Despite "Games" is the most common genre in the App Store, it does not have the highest number of user ratings. As it is possible to see in the analysis above, most of the users ratings are concentrated on __Navigation apps__, followed by __Reference__ and __Social Networking__. 

### Android operating system

Just as we did for the App Store, we are going to create a frequency table using the __Category__ and __Installs__ columns from the Android final data set. This frequency table will help us to choose what are the most popular genres in Google Play.

In [31]:
freq_table_android = freq_table(android_final, 1)
print(freq_table_android)

{'ART_AND_DESIGN': 57, 'ENTERTAINMENT': 85, 'TOOLS': 750, 'HEALTH_AND_FITNESS': 273, 'SPORTS': 301, 'BEAUTY': 53, 'SHOPPING': 199, 'MEDICAL': 313, 'FAMILY': 1676, 'MAPS_AND_NAVIGATION': 124, 'EDUCATION': 103, 'LIFESTYLE': 346, 'EVENTS': 63, 'PARENTING': 58, 'DATING': 165, 'GAME': 862, 'HOUSE_AND_HOME': 73, 'PERSONALIZATION': 294, 'BUSINESS': 407, 'AUTO_AND_VEHICLES': 82, 'FOOD_AND_DRINK': 110, 'PHOTOGRAPHY': 261, 'SOCIAL': 236, 'LIBRARIES_AND_DEMO': 83, 'BOOKS_AND_REFERENCE': 190, 'PRODUCTIVITY': 345, 'VIDEO_PLAYERS': 159, 'FINANCE': 328, 'NEWS_AND_MAGAZINES': 248, 'COMICS': 55, 'WEATHER': 71, 'TRAVEL_AND_LOCAL': 207, 'COMMUNICATION': 287}


In [32]:
category_dictionary = {}
for category in freq_table_android:
    total = 0
    len_category = 0
    for app in android_final:
        category_app = app[1]
        if category_app == category:
            installs = app[5]
            n_installs = installs.replace('+','').replace(',','')
            n_installs = float(n_installs)
            total += n_installs
            len_category += 1
            
    avg_installs = round((total / len_category), 2)
    category_dictionary[category] = avg_installs


In [33]:
display_table_final(category_dictionary)

COMMUNICATION : 38456119.17
VIDEO_PLAYERS : 24727872.45
SOCIAL : 23253652.13
PHOTOGRAPHY : 17840110.4
PRODUCTIVITY : 16787331.34
GAME : 15588015.6
TRAVEL_AND_LOCAL : 13984077.71
ENTERTAINMENT : 11640705.88
TOOLS : 10801391.3
NEWS_AND_MAGAZINES : 9549178.47
BOOKS_AND_REFERENCE : 8767811.89
SHOPPING : 7036877.31
PERSONALIZATION : 5201482.61
WEATHER : 5074486.2
HEALTH_AND_FITNESS : 4188821.99
MAPS_AND_NAVIGATION : 4056941.77
FAMILY : 3695641.82
SPORTS : 3638640.14
ART_AND_DESIGN : 1986335.09
FOOD_AND_DRINK : 1924897.74
EDUCATION : 1833495.15
BUSINESS : 1712290.15
LIFESTYLE : 1437816.27
FINANCE : 1387692.48
HOUSE_AND_HOME : 1331540.56
DATING : 854028.83
COMICS : 817657.27
AUTO_AND_VEHICLES : 647317.82
LIBRARIES_AND_DEMO : 638503.73
PARENTING : 542603.62
BEAUTY : 513151.89
EVENTS : 253542.22
MEDICAL : 120550.62


## Conclusions

According to our analysis at the very beginning of PART III, Family, Game and Tools categories correspond to the most number of apps in Google Play.

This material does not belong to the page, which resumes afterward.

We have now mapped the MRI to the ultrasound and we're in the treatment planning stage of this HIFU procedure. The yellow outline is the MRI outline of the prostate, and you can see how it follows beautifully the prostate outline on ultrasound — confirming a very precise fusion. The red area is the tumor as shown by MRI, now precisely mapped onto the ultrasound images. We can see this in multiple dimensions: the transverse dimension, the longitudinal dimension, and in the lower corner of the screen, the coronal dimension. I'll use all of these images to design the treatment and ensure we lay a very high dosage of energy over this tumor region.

However, in the analysis above, it is possible to see that they are not among the most installed apps, but by Communication Apps, followed by Video Players and Social apps. 

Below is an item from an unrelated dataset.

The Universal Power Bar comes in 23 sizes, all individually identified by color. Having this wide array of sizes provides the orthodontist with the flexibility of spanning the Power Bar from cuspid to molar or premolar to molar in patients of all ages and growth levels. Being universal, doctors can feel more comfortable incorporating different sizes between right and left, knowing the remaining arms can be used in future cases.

Therefore, since our main goal is to recommend app genre that shows potential for being profitable for both the App Store and Google Play, we recommend to developers to focus on building more apps that fall into __Communication__ and __Social Networking__ categories, since they seem to be the most popular apps, despite the few numbers of them in comparison with some other genres.